The Dictator (2012) / Comedy
MPAA rated: R for strong crude and sexual content, nudity, language and some violent images
Running time: 83 min.Cast: Sacha Baron Cohen, Anna Faris, Ben Kingsley, Jason Mantzoukas, Chris Parnell, Jessica St. Clair, Kathryn Hahn, Seth Morris, Fred Armisen, J.B. Smoove
Cameo: Aasif Mandvi, Horatio Sanz, Megan Fox, Kevin Corrigan, Chris Elliott, B.J. Novak, John C. Reilly, Garry Shandling
Director: Larry Charles
Screenplay: Sacha Baron Cohen, Alec Berg, David Mandel, Jeff Schaffer
Review published May 30, 2012The third big screen collaboration between comedic actor Sacha Baron Cohen (Bruno, Madagascar 2) and director Larry Charles (Religulous, Borat), only this time, it is less of the mockumentary style of their previous two endeavors, and more of a straight screwball comedy. Unfortunately, the less he strays from the immediate social satire and "candid camera" antics, the more manufactured the comedy appears, and The Dictator sure does feel like a forced effort to be controversial. Not that it doesn't have its moments, but those moments feel more like surprises than within the natural flow of the rest of the film.
Cohen stars as the titular dictator, General Aladeen of the fictional North African country of Wadiya (basically, he's an amalgam of most prominent dictators of the last 20 years), who thoroughly enjoys every aspect of his role as his country's great oppressor, as well as the bane of the Western world. One day, while on a trip to New York City to address the UN Security Council on the status of his country's suspicious nuclear development program, he is double-crossed by his "faithful" assistant, Tamir (Kingsley, Prince of Persia), who schemes to assassinate Aladeen and replace him with an imposter, in order to open up the country to capitalist exploits.
Aladeen manages to escape, losing his crazy beard in the process, and roaming the New york streets with no one to believe him as the true dictator when the daft imposter takes over. Now a common man, Aladeen makes fast friends with Zoey (Faris, Observe and Report), a staunch local activist who runs an organic food store in the neighborhood. He also runs into his former top scientist in charge of Wadiya's nuclear program, Nadal (Mantzoukas), a man Aladeen once ordered killed only to find out that all of his executions are merely transported out of the country. He and Nadal conspire to take back the country and finish what they've started -- the program to develop a nuclear weapon and terrorize the world.

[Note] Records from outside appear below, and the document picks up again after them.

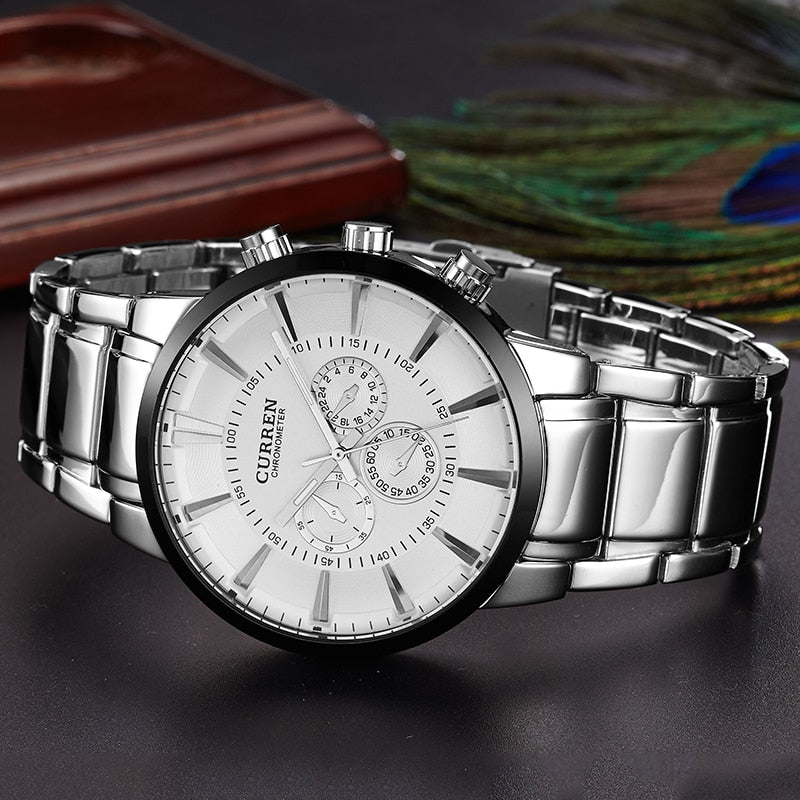 Full Steel Waterproof Watch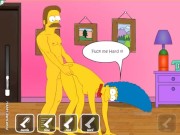 The Simpsons - Marge x Flanders - Cartoon Hentai Game P63 3/16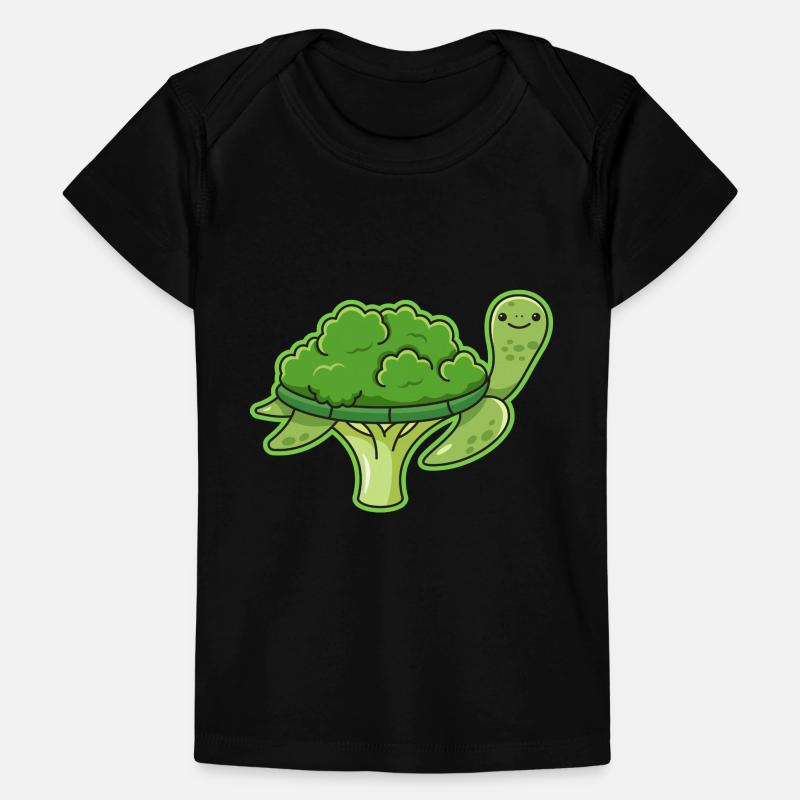 Turtle Broccoli Design for Baby Premium Organic T-shirt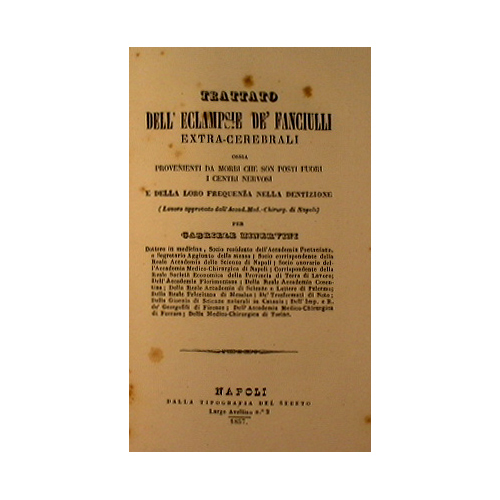 Trattato dell'eclampsie de' fanciulli extra-cerebrali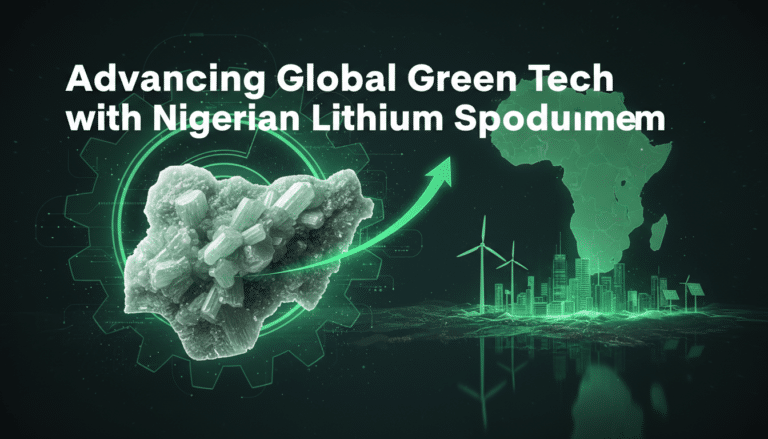 Nigerian lithium spodumene powering global green technology growth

Where Borat succeeds is in the big laugh quotient, with some scenes so funny that giddiness carries many viewers over the more sophomoric attempts at comedy. The Dictator is pretty much all sophomoric hijinks, and while Cohen does inject a few scenes where he goes over the line of taste for laughs (one involving losing a cell phone in a woman's vagina while she's giving birth), these scenes seem more like attempts to swing for the fences with ribald humor that the audience expects than in anything the storyline might genuinely inspire organically (ironic that the scene occurs in an organic food store). Whereas Cohen is bold, brash and funny in duping unsuspecting real people into believing his outlandish characterizations, in the course of a wholly manufactured straight comedy, he doesn't stand out when every other character is a gross exaggeration, and the humor value greatly diminishes.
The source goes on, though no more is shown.